Это было счастливое время. Нам двоим принадлежал целый мир — холмы Креда, где горшечники добывали красную глину, где виноградники лепились по склонам, где вились козьи тропы и тянулись разбитые пыльные дороги, приводя то к маленьким, вросшим в землю домам виноградарей и пастухов, то к развалинам древних храмов. А однажды мы вышли к воротам. Ни справа, ни слева от них не было изгороди, сами же ворота, с покосившимися заржавевшими створками, были закрыты наглухо. Их решетку затянуло вьюнком, и на нем раскрылись неожиданно крупные раструбы синих цветков. Весна была еще в самом начале, о чем говорил едва выпустивший бутоны шиповник, и такое буйное цветение удивляло. Я подошел и посмотрел сквозь решетку. На склоне холма стоял белый, с колоннами, древний храм. С тех самых пор, как люди приняли веру в Единого и отвергли языческих Многих богов, храмы те были разрушены, но этот стоял нерушимым. Колонны розовели в наступающих сумерках, бирюзовое небо сквозило меж ними, светлея и бледнея к горизонту, и редкие облака таяли в его бескрайности, как хлопья пены на морском берегу. На коньке крыши стояла женщина и протягивала ко мне руки, я даже не понял сразу, что это статуя, так живо и естественно было запечатлено в ней движение. Я дернул створку ворот, но донна Пьетра остановила меня. Взяла за руку, провела в обход. Указала рукой на храм... то, что когда-то было тем храмом... груда развалин, растрескавшиеся ступени, подножья колонн...

Помнится, я плакал тогда, и порывался вернуться к воротам и открыть их. Но донна Пьетра развернула меня спиной к развалинам и указала в то место, где стояли ворота. Их не было, и лишь наступивший вечер сгущал тени на внезапно обрывающейся дороге. Позже, самостоятельно бродя по родным холмам, изучив их вдоль и поперек, я так и не смог отыскать то волшебное место.

Впрочем, волшебства в моей жизни и так хватало с избытком. Голоса, прежде угрожавшие мне и пугающие неотвратимостью наказаний, теперь советовали и одобряли. Вещи, что прежде трансформировались в ужасные символы с наступлением ночи, стали доброжелательны ко мне — коридоры и лестницы нашего замка всегда вели туда, куда надо, двери неизменно открывались передо мной, львиные морды на резной мебели не оскаливали клыки, а ухмылялись, словно довольные кошки, и только что не мурлыкали. Обивка кресел казалась мягкой шкурой домашних, хоть и сильных и страшных в своем гневе животных. Мой дом стал мне родным домом, его сила — моей силой, его прошлое — частью истории моего рода.

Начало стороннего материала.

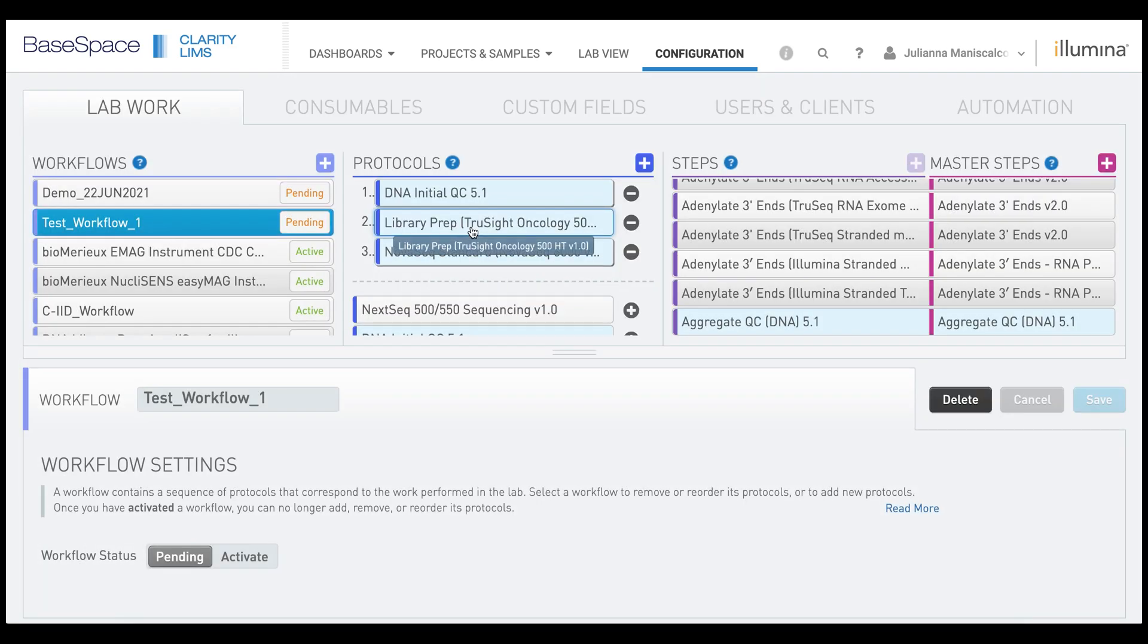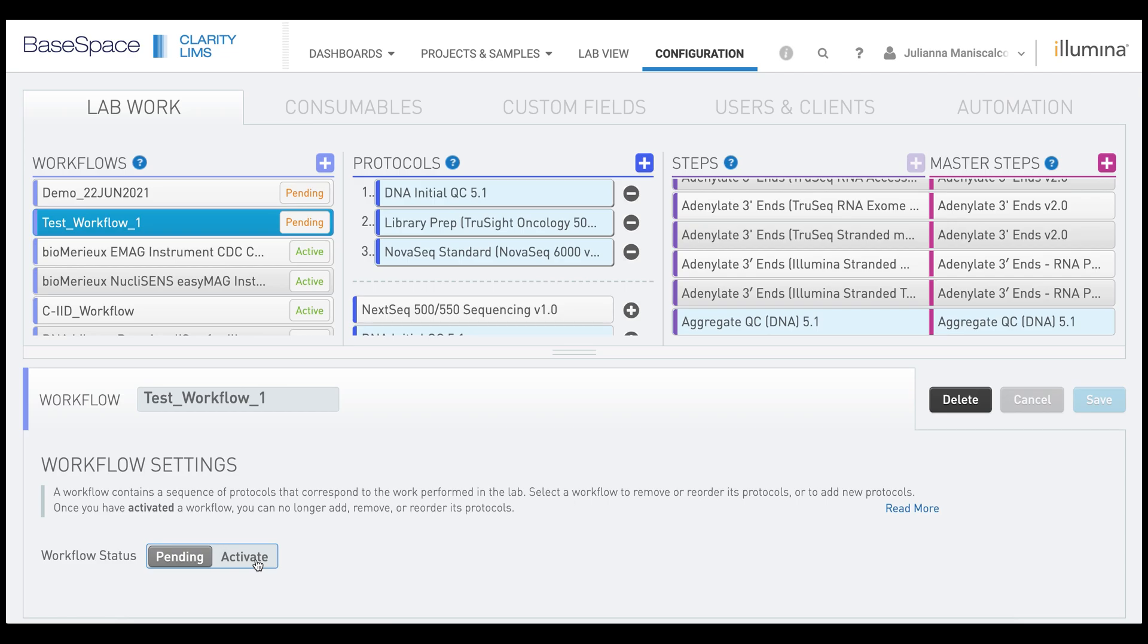Once you have confirmed your workflow looks the way you want it, you can now activate it. Here, we will toggle the workflow status from pending to activate.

Донна Пьетра читала мне хроники и объясняла непонятные ребенку места, досконально разбирала все битвы, в коих участвовали мои предки, спокойно и с достоинством говорила об отношениях мужчины и женщины и осуждающе — о политических браках. Пришло время, когда я спросил ее о любви. То ли это, чем занимались наша прачка с конюхом Тено, или кошка с соседским котом, или донна Беата с Карно-отщепенцем.

Донна Пьетра ответила кратко и непонятно. "Любовь, — сказала она. — Это не то, что ты делаешь, это то, что ты чувствуешь, но когда ты чувствуешь это, все твои действия приобретают другой смысл, более важный и нужный для жизни. И этой жизни, и той." После чего она встала и вышла, и я не смог попросить объяснений.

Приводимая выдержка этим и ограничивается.